I test (mainly) & write (less so) software, studied physics. I like the ocean, mountain hiking & art. Languages (in alphabetical order): English, German, Ruby
As for the event: I hope to meet old and new friends, see a bit of Athens and bring hone lots of great ideas — and some greek (cretan, actually) thyme honey. :-)
The anniversaries we're celebrating at Euruko 2013 are a good reason to think about what you need to do, to create long lasting software. Let's think about the future of the software we're building.
Sure: If our software fails to provide enough value today (or at least in the near future), we'll probably be better off looking for the next job. However, software development is a game played in rounds — and most teams nearly always prefer to stay in the game for many rounds.
It's interesting — and a it worrying — that most of the testing techniques and approaches applied today are focussed on the current version of our software and its ability to solve to right problem and doing this correctly: We concentrate on a relatively short period of time.
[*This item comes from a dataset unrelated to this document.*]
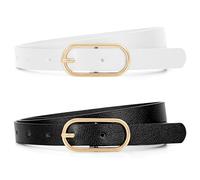 XZQTIVE 2 Pack Women's Belts for Jeans Pants Dress Fashion Thin Waist Belt Ladies Skinny Leather Belt Black Brown Leather Belt With Gold Buckle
However, we should also make sure our systems can cope with tomorrows requirements, customers and users. Therefore, let's look at some ways we can do this.
Thanks for the comment. You're right it is supposed to be a teaser as well as an abstract. I'll tell you a bit more about what I have in mind, yet, won't tell the whole story. Because, you know, what's the point of telling everything in an abstract (and/or teaser)? If you do, who's going to listen to you at the conf? ;-)
What I see a lot in many projects I've worked in, is that the better ones are using well described business scenarios for testing (whether these are automated or not, often written in Cucumber, if automated) and/or pretty detailed unit tests (automated almost always using RSpec, Mini::Test or what-have-you). And that's fine: If done right, these help team implementing the right systems and feature and it also helps to avoid bugs.
However, I learned that team should also have the future of the project in mind and be open to probable/likely new features and/or unanticipated uses of the system. I think we should find ways to explicitly work on topics as maintainability, expandability, etc. (It's called software for a reason.)
Hi, could you care to elaborate? Your abstract sounds more like an interesting tease :-)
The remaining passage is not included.